Jeremy Corbyn’s bid to become leader of the opposition party in the UK has drawn unprecedented media interest.
All of a sudden his proposals have transcended the limits of the Labour Party’s leadership soul-search and are the subject of heated debates not just in the press but elsewhere, including the workplace and at Britain’s most famous institution: the pub.
Economic commentators, editorialists, policy makers, as much as the man in the street, everyone talks about Corbynomics, or is ready to voice an opinion on the whole issue of the so-called Corbynmania.
This, however, doesn’t seem to be the case of the UK accountancy profession, with the exception of ACCA.
Given the undeniable prominence that Corbynomics have achieved, The Accountant sought comment from a number of well-known UK accountancy stakeholders on the technical aspects of these proposals.
Those approached politely declined to offer views on Corbynomics.
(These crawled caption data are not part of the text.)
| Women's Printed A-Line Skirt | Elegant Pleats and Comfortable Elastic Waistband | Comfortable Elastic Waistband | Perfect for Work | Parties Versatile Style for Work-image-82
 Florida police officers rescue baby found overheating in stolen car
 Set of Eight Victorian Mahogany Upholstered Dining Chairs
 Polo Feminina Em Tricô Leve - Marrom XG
At Deloitte UK, chief economist Ian Stewart, who writes a very informative brief each Monday, passed on the proposition.
The Financial Reporting Council didn’t see it as appropriate to comment on this topic due to its apolitical status as "independent regulator" and "partner agency of BIS", the UK government’s Department for Business Innovation & Skills.
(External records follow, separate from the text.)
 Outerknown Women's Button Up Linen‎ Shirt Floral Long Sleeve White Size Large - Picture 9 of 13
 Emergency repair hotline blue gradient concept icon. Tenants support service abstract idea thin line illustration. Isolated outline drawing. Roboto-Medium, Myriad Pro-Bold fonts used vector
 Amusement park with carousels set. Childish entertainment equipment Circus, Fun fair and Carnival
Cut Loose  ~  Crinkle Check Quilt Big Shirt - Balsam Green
The Institute of Chartered Accountants in England and Wales said it preferred not to comment on policy ideas related to internal party elections and thus remain politically impartial.
The Chartered Institute of Management Accountants and the Institute of Chartered Accountants of Scotland saw the issue straying too much into politics – a subject that apparently, whatever definition of politics is used, shouldn’t disturb the peace at the Accountancy ivory tower.
Corbynphobias, some of the arguments against Corbinomics in the press:
Tony Blair, former UK Prime Minister, in The Guardian: "Jeremy Corbyn doesn’t offer anything new. Those of us who lived through the turmoil of the 80s know every line of this script. These are policies from the past that were rejected not because they were too principled, but because a majority of the British people thought they didn’t work. Even if you hate me, please don’t take Labour over the cliff edge."
Tony Yates, former Bank of England monetary analysis directorate advisor, in his blog: "Corbyn’s QE is the first step along the road to undermining the social usefulness of money, and would ultimately impoverish us. If we were in a state of monetary policy crisis, then
QE-financed something is at least worth considering. But that something should be as politically neutral as possible, and not a matter for the BoE".
The Economist: "Mr Corbyn’s prescriptions are seriously flawed. […] For starters, the £93bn figure [on corporate subsidies] is a fiction. And cutting some corporate welfare might actually harm investment: according to economists at HMRC, the tax agency, for every £1 spent on research and development tax credits, British companies boost their R&D spending by £1.53-£2.35. The £120bn in missing tax revenues – which is about four times the government’s own estimate comes from a report by Tax Research, a pressure group. Even if the figure is to be believed – which requires a leap of faith, since the report does not explain its calculations fully – Mr Corbyn’s proposed remedies are wanting."
Chris Giles, economics editor, Financial Times: "It is Mr Corbyn’s populism, not his being hard left, that destroys his economic credibility. A smart hard-left stance could claim to boost both prosperity and equality. It would be radical and coherent, but in undermining property rights, possibly not all that popular – one of the reasons why the hard left rarely wins office."